> **BRIEF**: Set down each entry exactly as given; pictures should not appear in the copy.

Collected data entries
══════════════════════════════

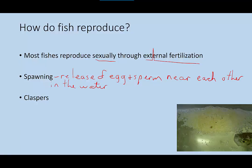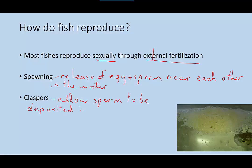In sharks, skates, and rays, the eggs are fertilized inside the female's body. In order for that to occur, males have an organ called a clasper, which allows sperm to be deposited inside the female. Most other fish do external fertilization.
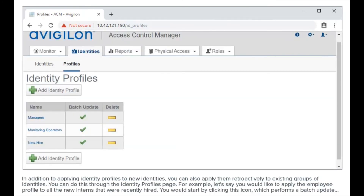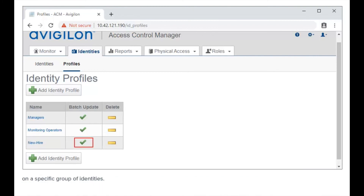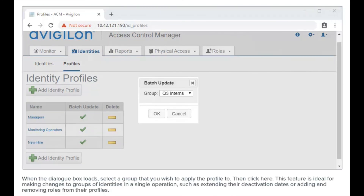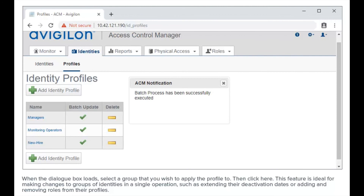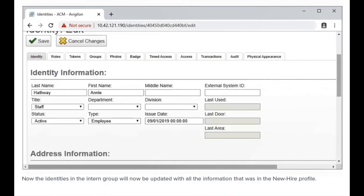In addition to applying identity profiles to new identities, you can also apply them retroactively to existing groups of identities through the identity profiles page. For example, let's say you would like to apply the employee profile to all the new interns that were recently hired. You would start by clicking this icon, which performs a batch update on a specific group of identities. When the dialog box loads, select a group that you wish to apply the profile to, then click here. This feature is ideal for making changes to groups of identities in a single operation, such as extending their deactivation dates or adding and removing roles from their profiles. Now the identities in the intern group will be updated with all the information that was in the new hire profile.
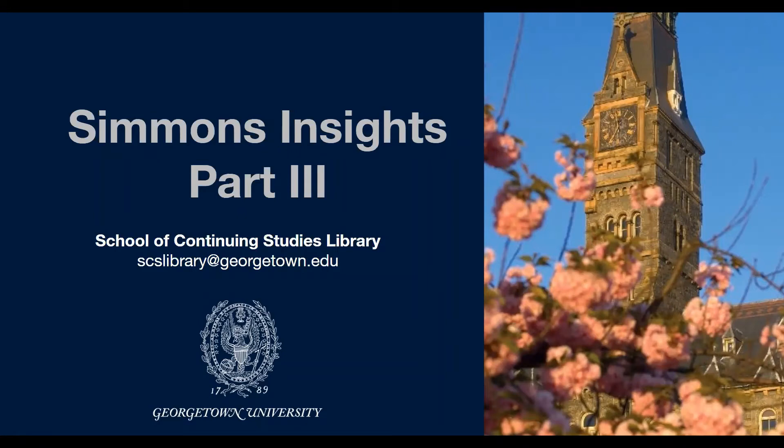Welcome to the School of Continuing Studies Library at Georgetown University. This video is the third in a series of videos focused on Simmons Insights.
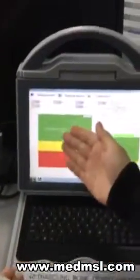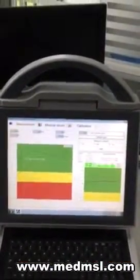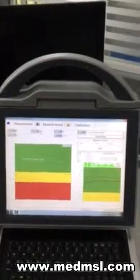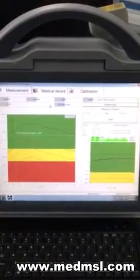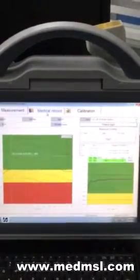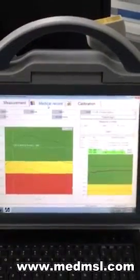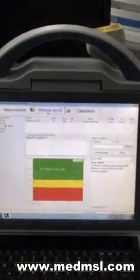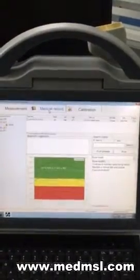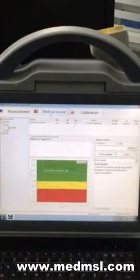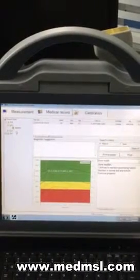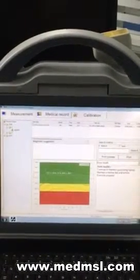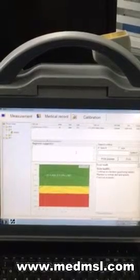Now the next step is the medical report record management. Click Medical Record. You will find the patient folder. You need to fill the diagnostic suggestion.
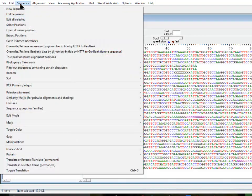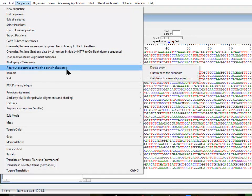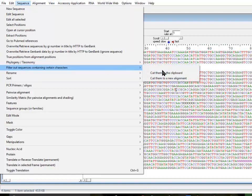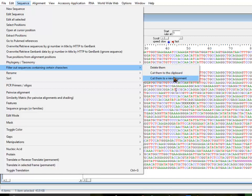One of the options we have is to filter out sequences containing certain criteria under the Sequence option. You have the option to either delete them or cut them to the clipboard or cut them into a new alignment. I'm going to use cut them to new alignment so we can see the effect of our action.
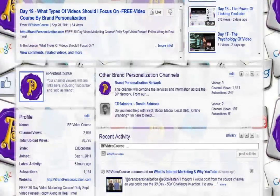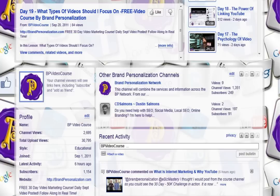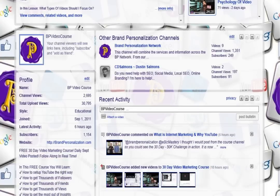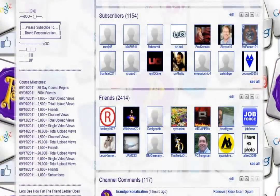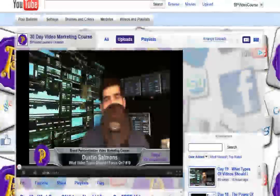Here on the channel you can see we're up to two thousand six hundred and ninety-five channel views, thirty thousand seven hundred and ninety-five total upload views, which is awesome — one thousand one hundred and fifty-four subscribers and two thousand four hundred and fourteen friends. So all in all we're doing pretty good, and as far as the 50k 30-day challenge — crushing it.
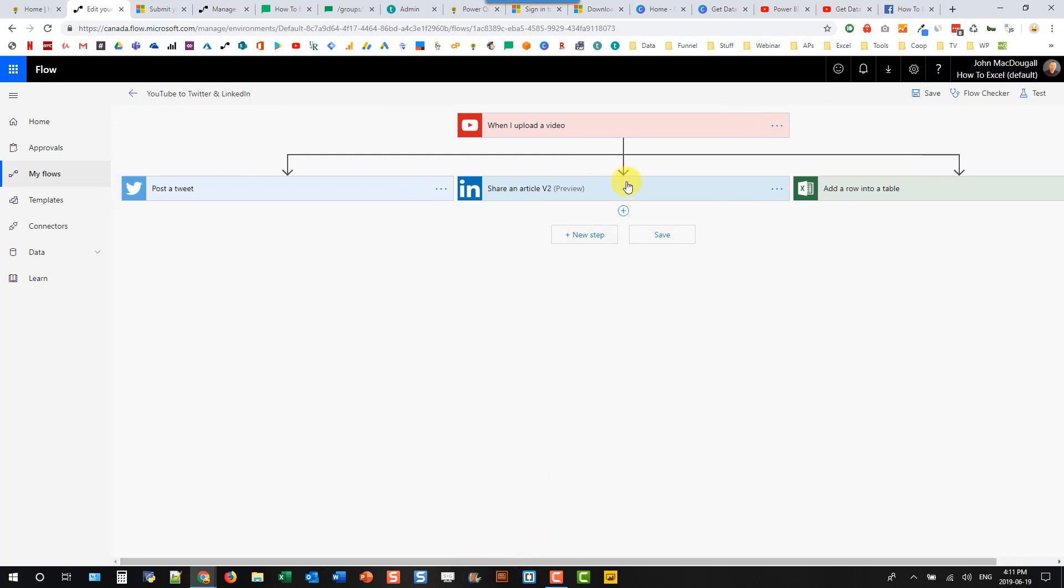And so now we've got one trigger and three parallel branches. So if any one of these fails, it's not going to affect the other two from running. They're going to run in parallel. And that's a quick and easy way to make sure that your other actions run if one of them fails.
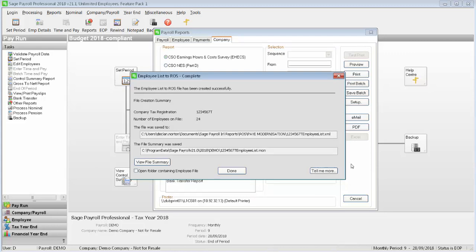Once you've successfully created the file, the following window appears. If you'd like to print a report that lists the information on this file for your own records, click View File Summary.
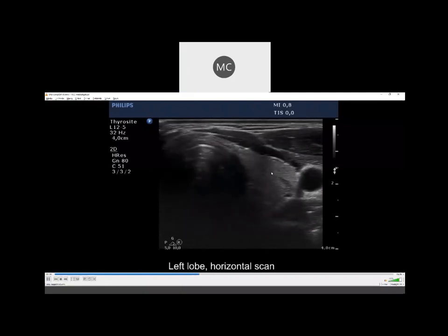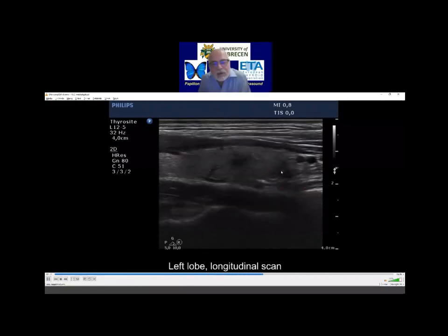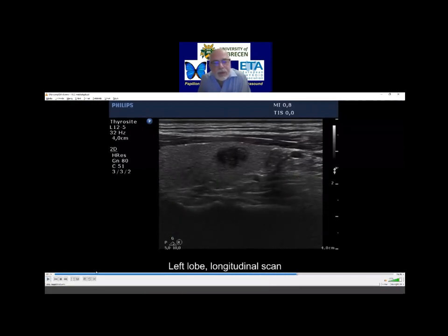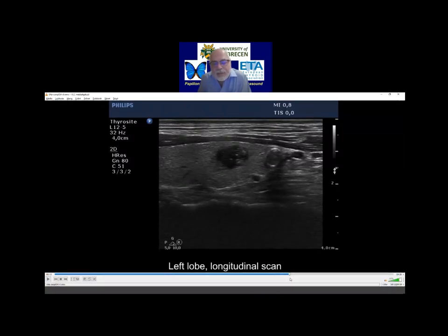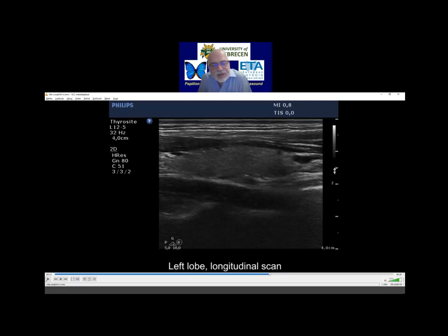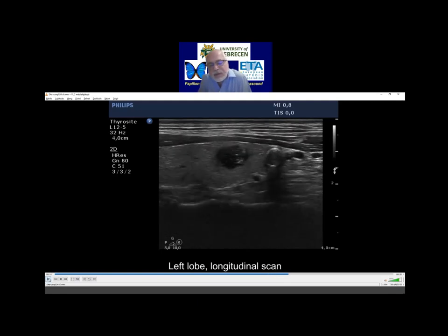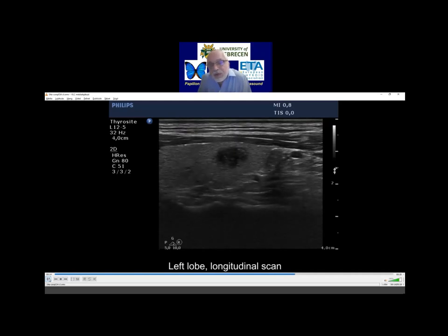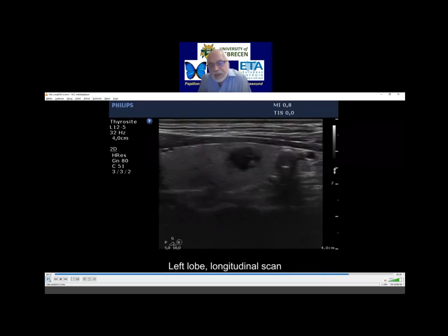We are speaking about this nodule. It is below one centimeter — you are absolutely right. It has a discontinuous coarse calcification. It had a capsule composed of coarse or macro-calcifications, and here this is discontinued. This is one of the possible suspicious signs of malignancy of a papillary cancer, not a frequent one. So I thought that therefore I should aspirate this nodule.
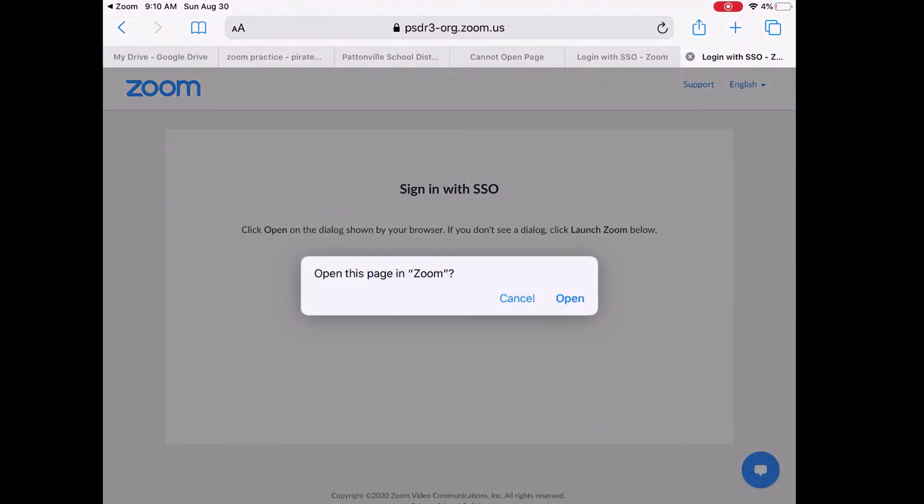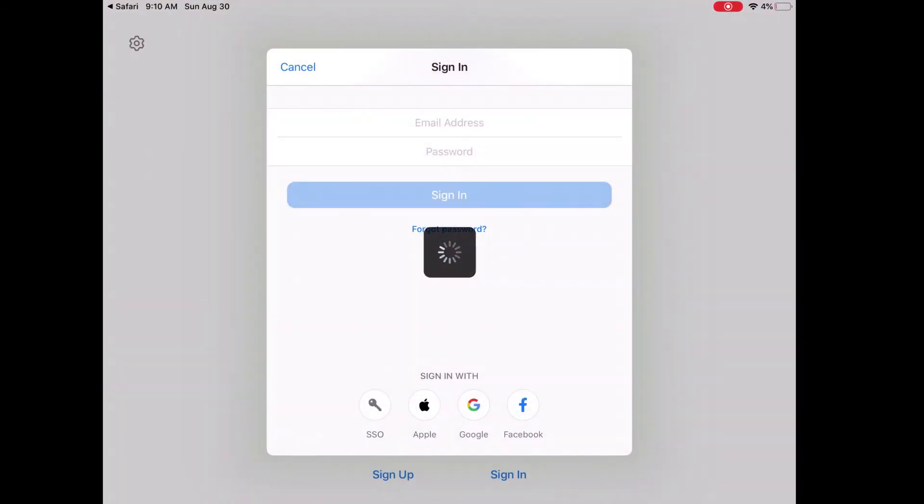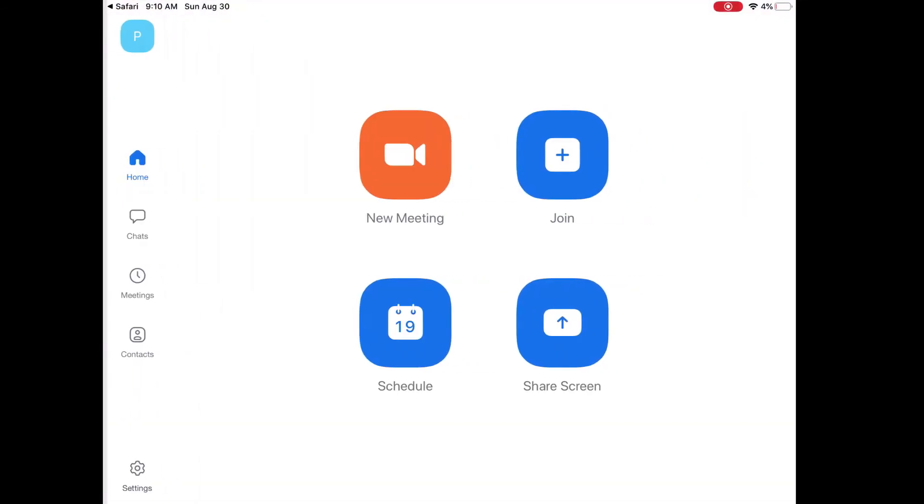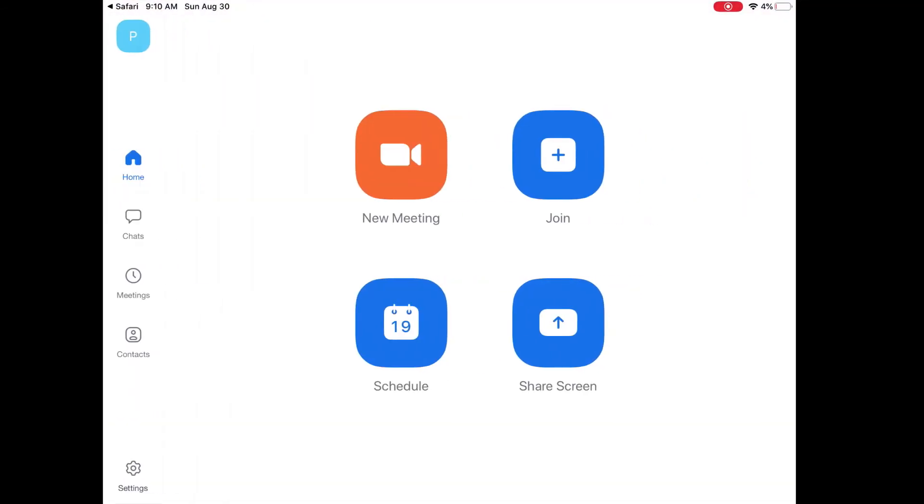It will now ask you to open this page in Zoom. So I'm going to go ahead and hit open. And as long as it takes you into the Zoom app, and it looks like this, you are now successfully signed into Zoom. You shouldn't have to do this anymore. It's a one-time process. And once it is signed in, you should be good to go.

══════════════════════════════

> **TASK RESPONSE**:
In sharks, skates, and rays, the eggs are fertilized inside the female's body. In order for that to occur, males have an organ called a clasper, which allows sperm to be deposited inside the female. Most other fish do external fertilization.
In addition to applying identity profiles to new identities, you can also apply them retroactively to existing groups of identities through the identity profiles page. For example, let's say you would like to apply the employee profile to all the new interns that were recently hired. You would start by clicking this icon, which performs a batch update on a specific group of identities. When the dialog box loads, select a group that you wish to apply the profile to, then click here. This feature is ideal for making changes to groups of identities in a single operation, such as extending their deactivation dates or adding and removing roles from their profiles. Now the identities in the intern group will be updated with all the information that was in the new hire profile.
Welcome to the School of Continuing Studies Library at Georgetown University. This video is the third in a series of videos focused on Simmons Insights.
Now the next step is the medical report record management. Click Medical Record. You will find the patient folder. You need to fill the diagnostic suggestion.
One of the options we have is to filter out sequences containing certain criteria under the Sequence option. You have the option to either delete them or cut them to the clipboard or cut them into a new alignment. I'm going to use cut them to new alignment so we can see the effect of our action.
Here on the channel you can see we're up to two thousand six hundred and ninety-five channel views, thirty thousand seven hundred and ninety-five total upload views, which is awesome — one thousand one hundred and fifty-four subscribers and two thousand four hundred and fourteen friends. So all in all we're doing pretty good, and as far as the 50k 30-day challenge — crushing it.
And so now we've got one trigger and three parallel branches. So if any one of these fails, it's not going to affect the other two from running. They're going to run in parallel. And that's a quick and easy way to make sure that your other actions run if one of them fails.
Once you've successfully created the file, the following window appears. If you'd like to print a report that lists the information on this file for your own records, click View File Summary.
We are speaking about this nodule. It is below one centimeter — you are absolutely right. It has a discontinuous coarse calcification. It had a capsule composed of coarse or macro-calcifications, and here this is discontinued. This is one of the possible suspicious signs of malignancy of a papillary cancer, not a frequent one. So I thought that therefore I should aspirate this nodule.
It will now ask you to open this page in Zoom. So I'm going to go ahead and hit open. And as long as it takes you into the Zoom app, and it looks like this, you are now successfully signed into Zoom. You shouldn't have to do this anymore. It's a one-time process. And once it is signed in, you should be good to go.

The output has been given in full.